= Extracted information =
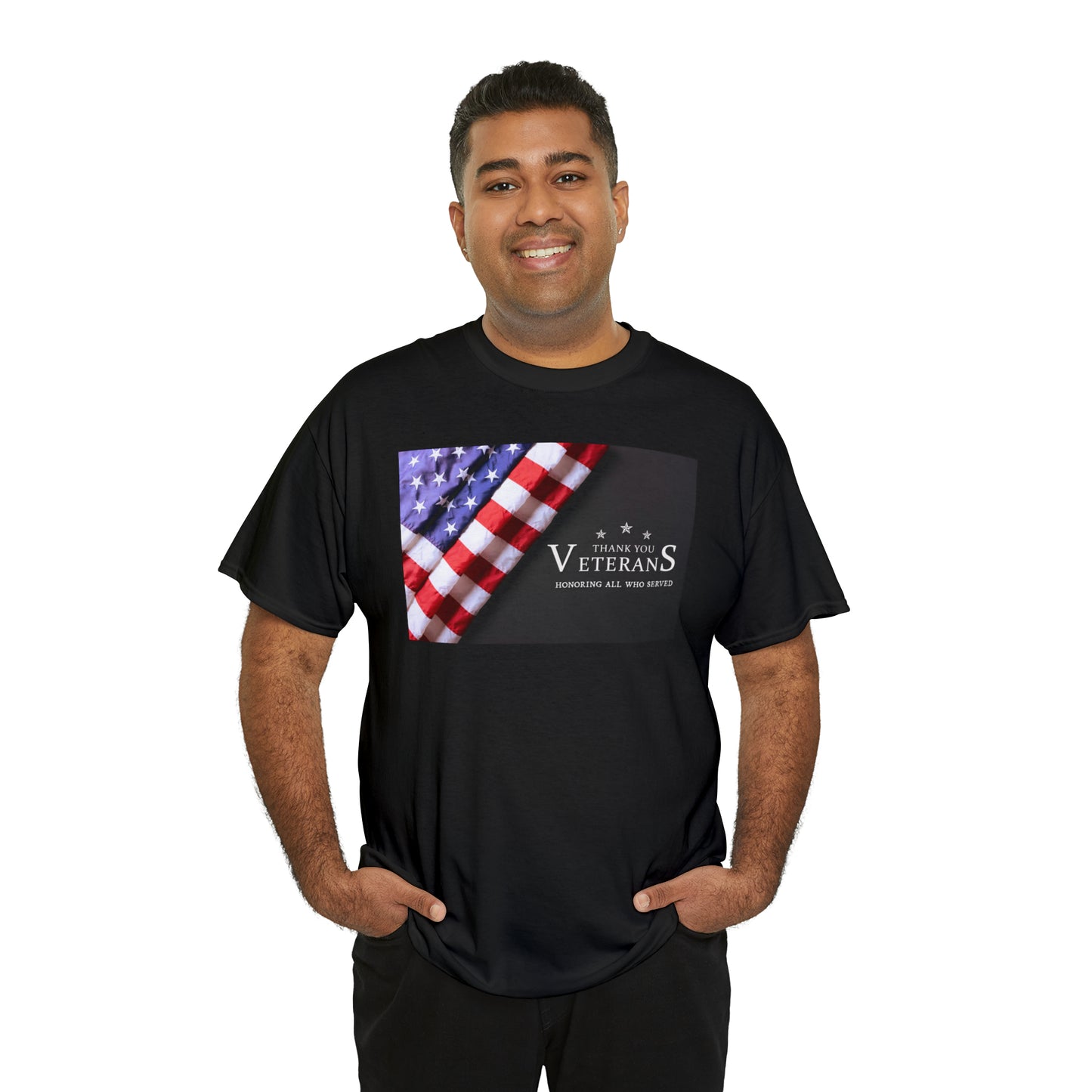 Thank You Veterans-Honoring All Who Served Unisex Heavy Cotton Tee Express Delivery in Continental US
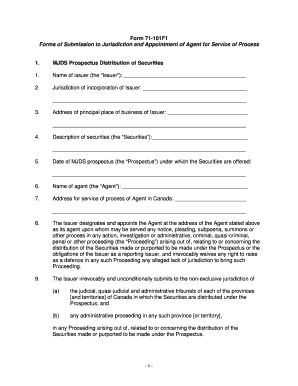 Form 71-101F1 Submission to Jurisdiction and Appointment of Agent for Service of Process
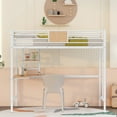 thumbnail image 2 of Twin Metal Loft Bed with Desk and Shelve,White, 2 of 6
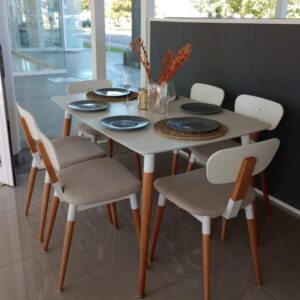 Juego de Comedor Lacar Mesa de 135 x 90 + 6 Sillas Lacar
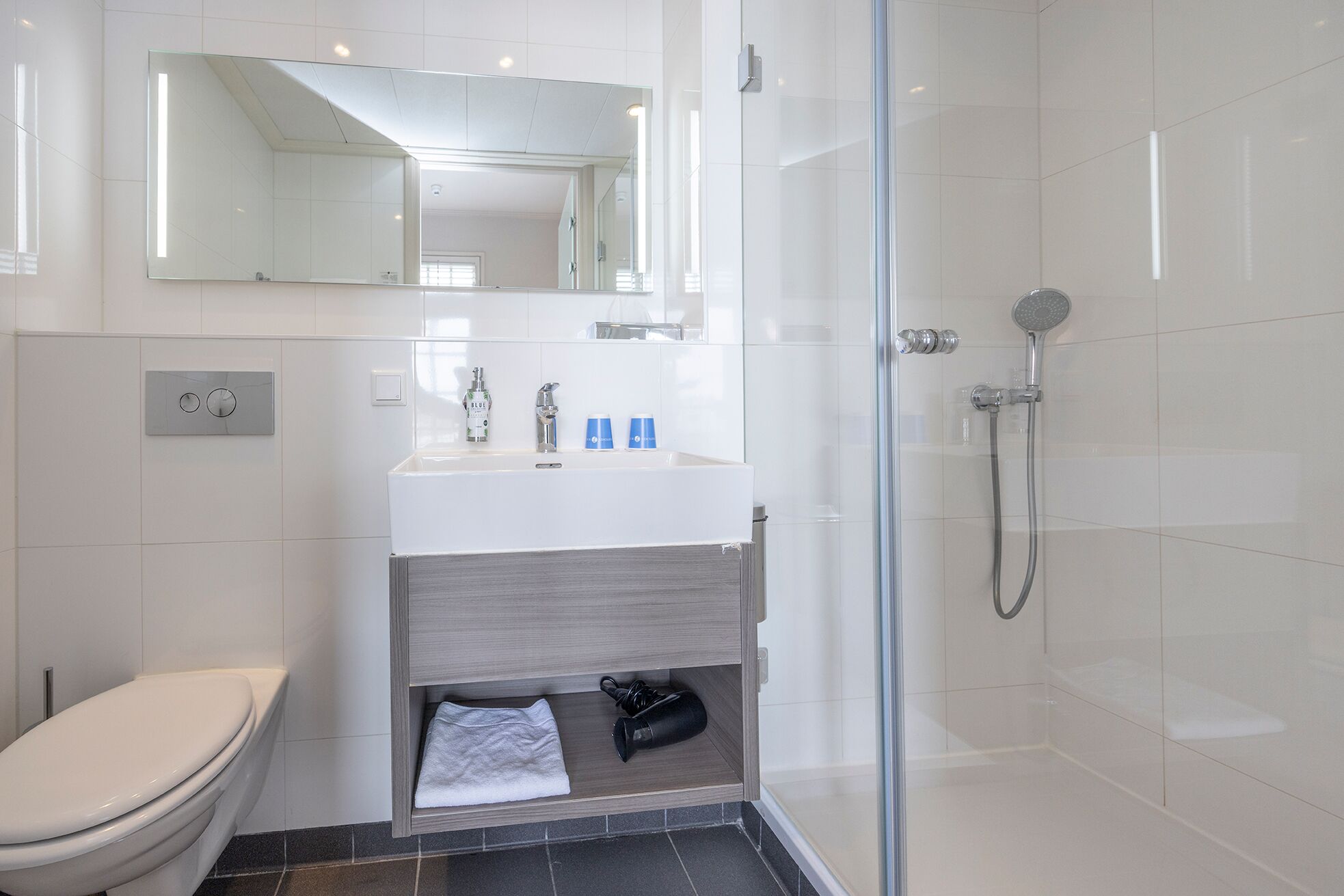 Un baño moderno con cabina de ducha de vidrio, un lavabo blanco con espejo superior y un inodoro a la izquierda.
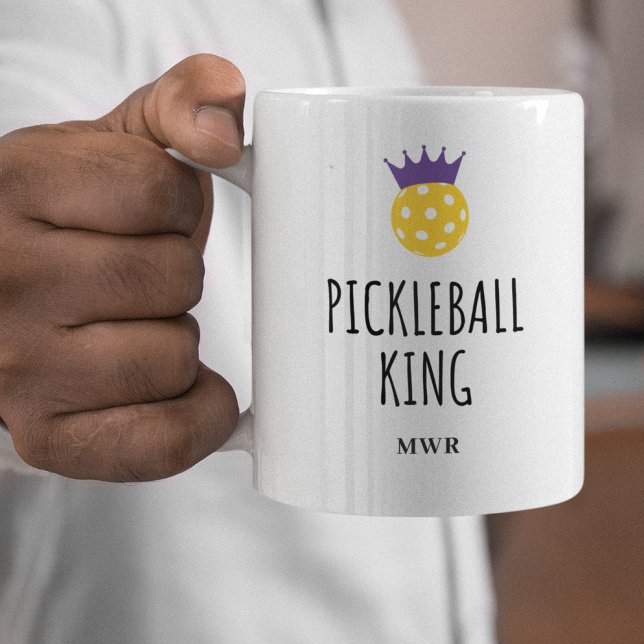 Funny Pickleball King, benutzerdefinierter Text fü Kaffeetasse (Von Creator hochgeladen)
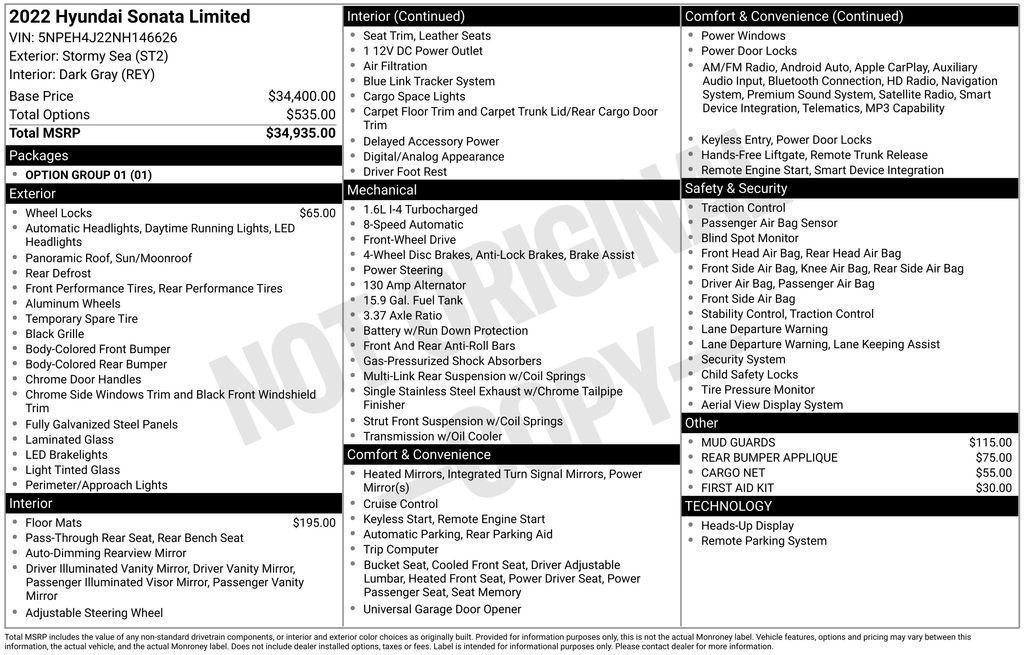 used 2022 Hyundai Sonata car, priced at $21,490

= Exercise brief =
Each line from the start of the entries through the line with "Juego de Comedor" is to be restated exactly, and the pictures are to be skipped.

= Response for this exercise =
 Thank You Veterans-Honoring All Who Served Unisex Heavy Cotton Tee Express Delivery in Continental US
 Form 71-101F1 Submission to Jurisdiction and Appointment of Agent for Service of Process
 thumbnail image 2 of Twin Metal Loft Bed with Desk and Shelve,White, 2 of 6
 Juego de Comedor Lacar Mesa de 135 x 90 + 6 Sillas Lacar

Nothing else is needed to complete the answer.